Malcolm is a respected child psychologist living in Philadelphia. One day, he is stopped by his former patient, now an adult, who accuses him of not helping him with his problems: therefore, he shoots him and commits suicide. Malcolm, having recovered, takes care of the little one Colea shy boy who confesses that he can see dead people.
For the few who haven’t seen it yet, we won’t mention the main twist of the story.
The sixth sense manages to perfectly balance drama, thriller and horror, thanks to the presence of supernatural elements. But everything is based on that oppressive sense of tension, which is breathed throughout the duration of the work. Everything focuses on the character of little Cole, capable of frightening the viewer even with a single glance behind his interlocutor.
Despite being one of the most spoiled films in history, The sixth sense always manages to keep us on our toes.

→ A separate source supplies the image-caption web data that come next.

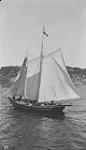 Fishing schooner arriving Port Anthony [St. Anthony, Nfld.] from Labrador fishing, 1910 1910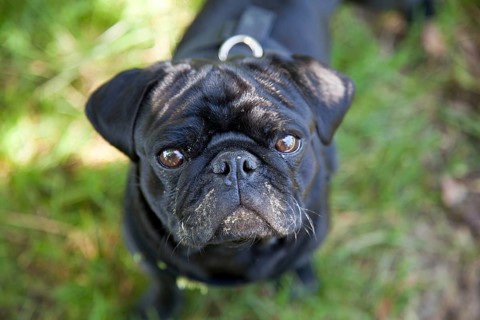 Black Pug with its face smeared with cow dung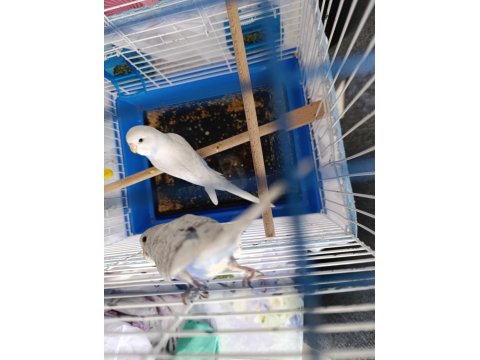 Çok Fazla Kuş Olduğundan Dolayı Sahiplendirilecek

The best psychological horror to see
We (2019)

We (2019)

We close our list of psychological horror with a very recent film: We Of Jordan Peele. After the great success of Get Outthe director returns to terrorize us, this time with the theme of the double.
Adelaide is a woman who returns to her childhood home by the sea, along with her husband and two children. The woman is haunted by an unresolved trauma from the past and she continues to haunt the thought that something bad is about to happen to her family. One night, the family Wilson she is awakened by some noises in the garden and they find four figures, holding hands and eerily resembling them.
Jordan Peele uses the theme of the double to criticize society, with a strongly political underlying message: We it is a film which, in addition to disturbing the viewer, spurs him to a profound analysis, a recurring element in Peele’s cinematography, as we have seen until now.
We is based on silences and on the tension that is cut with a knife: the director manages to attract the viewer into his net, dragging him to the bottom and frightening him, without resorting to useless jumpscare.

And which of these psychological horror films do you prefer?